Presentation on theme: "Dining Etiquette Tiffany’s Table Manners. Table Manners Table manners play an important part in making a favorable impression. They are a visible signal."— Presentation transcript:
Table Manners Table manners play an important part in making a favorable impression. They are a visible signal of the state of our manners and therefore are essential to professional success. Regardless of whether we are having lunch with a prospective employer or dinner with a business associate our manners can speak volumes about us as professionals.
Napkin Use The meal begins when the host unfolds his/her napkin. This is your signal to do the same. Place the napkin on your lap. If it is a small luncheon napkin, completely unfold it. If it is a large dinner napkin, fold in in half (lengthwise) and place it on your lap.

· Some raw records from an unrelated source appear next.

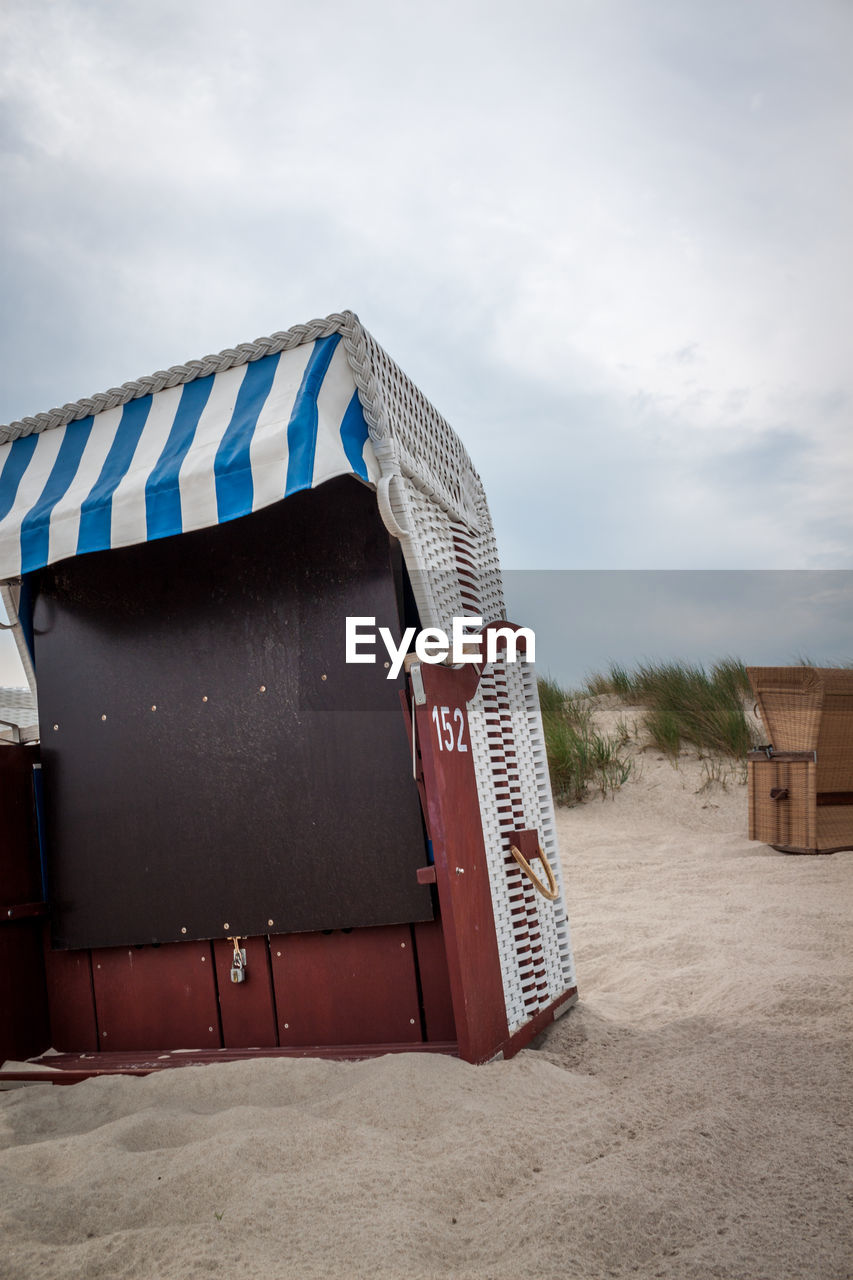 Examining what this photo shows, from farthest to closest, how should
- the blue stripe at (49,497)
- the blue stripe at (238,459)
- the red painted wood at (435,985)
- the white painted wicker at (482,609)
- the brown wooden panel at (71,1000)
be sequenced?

Napkins continued… Use the napkin to gently blot your mouth when needed. If you leave the table during the meal, place your napkin on your chair as a signal to the server that you will be returning. The host will signal that the meal is over by placing his/her napkin neatly on the table ( to the right of his/her plate). Do not refold, but don’t wad it up either.
Ordering If, after looking over the menu, there are items you are uncertain about, ask your server any questions you may have. An employer will generally suggest that your order be taken first. Sometimes the server will decide how the ordering with proceed. Often women’s orders are taken before men’s.
Courses As a guest, you should not order one of the most expensive items on the menu or more than two courses unless your host indicates that it is all right.
Table Setting Remember the rule “liquids to your right, solids to your left.” It is important to place the glass wear, cup & saucer, etc. in the same position after its use in order to maintain the visual presence of the table.
Use of Silverwear Starting with the knife, fork, or spoon that is farthest from your plate, work you way in using one utensil for each course.
How to use a Knife & Fork (American) Hold the knife in your right hand and the fork in your left. Cut a few bite size piece of food, lay your knife across the top edge of your plate with the blade facing in. Change your fork from your right to your left hand to eat, fork tines facing up.
European Same as the American style except that the fork remains in your left hand (tines facing down) while you eat.
When you have finished… Do not push your plate away. Lay your fork and knife side by side diagonally across your plate (the sharp edge of the knife face toward you, fork tines facing down). Remember the 10 and 4 rule.
A few more things about silverwear… Once you have used a piece of silverwear, never place it back on the table. Do not leave a used spoon in a cup, place it on the saucer. You can leave a soupspoon in a soup plate. Any unused cutlery is simply left on the table.